Если верить ему, то нет смысла двигаться на Гурзуф. Но твердой веры не было, и мы решили идти дальше, а там видно будет. Все равно другого выхода не было. Оставаться партизанить на горе Медведь – бессмыслица. Кроме того, что там питание не достанешь, она изолирована и нас бы уничтожили в течение одного-двух дней. Если немцы в Гурзуфе, то будем пробиваться. Не могли они уже дойти до Ялты. А по берегу – тем более. Начали спуск к «Артеку». К мостику выслали разведку, и тут над Гурзуфом появились немецкие самолеты и сбросили несколько бомб. На душе полегчало – не могли же немцы своих бомбить в занятом городе. Значит, татарин наврал. Мы быстрыми темпами прошли «Артек», и больно было видеть, как татары несут на себе кровати, матрацы, охапки одеял и другие вещи. Форменный грабеж. Мы рассудили, что это все же лучше, чем оставлять фашистам оборудованные помещения. Проходя по аллеям парка, бойцы спрашивали, разбивать ли скульптуры пионеров с горном, дискоболов и другие фигуры. Запретил это делать, сказав, что мы еще вернемся и нам это пригодится.
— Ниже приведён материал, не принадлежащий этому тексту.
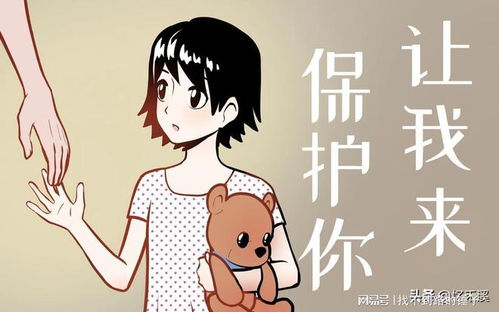 一、轻伤 日常说的受伤 一、轻伤 日常说的受伤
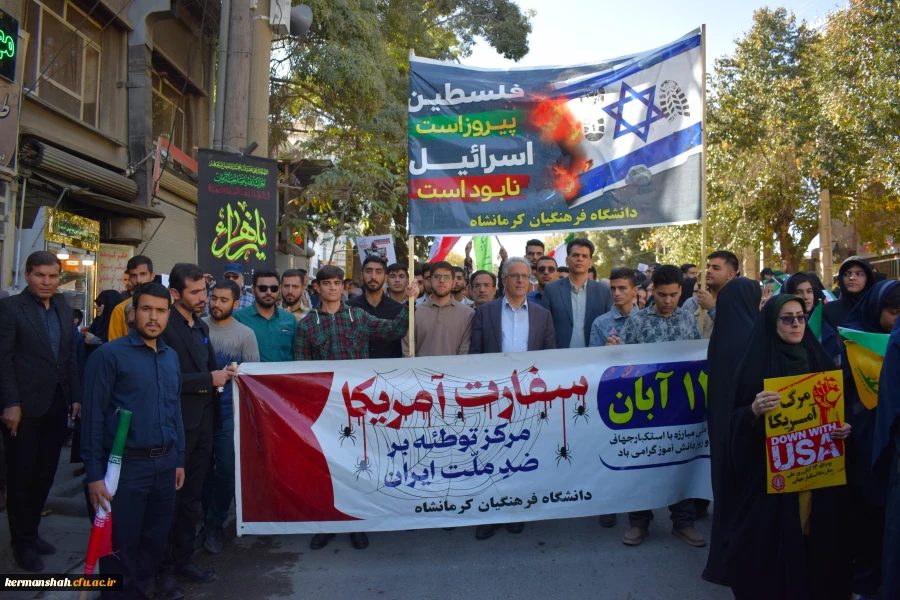 حضور پرشور اساتید،کارکنان و دانشجویان دانشگاه فرهنگیان کرمانشاه در راهپیمایی 13 آبان  11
Вошли в Гурзуф, на улицах ни одного человека. В одном переулке почувствовали запах печеного хлеба. Подошли к пекарне, а там только выдали очередную выпечку и стояло несколько человек, ожидая продажи. Вот тут-то мы почувствовали страшный голод и, зайдя в эту пекарню, взяли по 2 буханки белого горячего мягкого хлеба на человека. Когда вышли к Ялтинской дороге, а это километра три подъема от Гурзуфа, хлеба у нас уже не было. Все съели, и неудивительно – ведь мы уже двое суток не ели. Нельзя же считать полмешка сухофруктов на 33 человека. Ялтинская дорога оказалась пустынной, и мы двинулись по обочине в сторону Ялты, будучи все время настороже.